ANN ARBOR, Mich. - The Tibetan people need the involvement of the U.S. government to help resolve recent conflicts between Chinese officials and anti-Beijing protesters in Tibet, the Dalai Lama said Monday.
"At this moment, we need your help," the exiled Tibetan spiritual leader said as he and Undersecretary of State Paula Dobriansky addressed reporters briefly before a closed-door meeting at the University of Michigan.
Dobriansky, who serves as special envoy for Tibet, said the meeting with the Dalai Lama provided a "timely opportunity" to discuss the conflict.
"The Bush administration has expressed concern about the situation in Tibet and has urged restraint," she said. "In particular, President Bush has been a steadfast supporter for the need for dialogue between His Holiness and Chinese leaders."
Dobriansky and the Dalai Lama have met more than 10 times since 2001, according to the State Department. They entered the room Monday holding hands, with the Dalai Lama saying, "I brought my longtime friend."

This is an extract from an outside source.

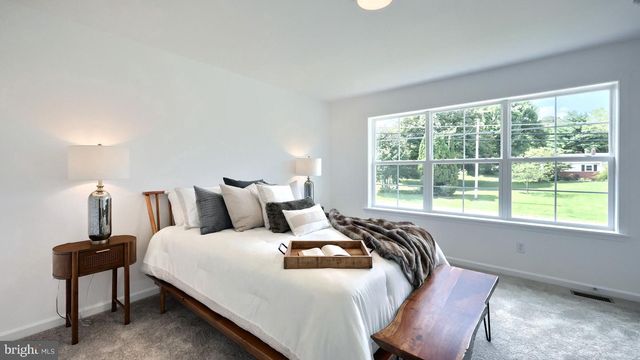 828 KIMMERLINGS RD, Lebanon, PA 17046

Demonstrators have disrupted legs of the Olympic torch relay in protest of China's treatment of the Dalai Lama's followers. He has denied Chinese claims that he and his followers have used the Olympics to foment unrest.
The Dalai Lama, who fled to India after a failed uprising in 1959 in Tibet, arrived in the United States on April 10.
He is scheduled to speak at Colgate University in Hamilton, N.Y., on Tuesday and to return to India on Thursday.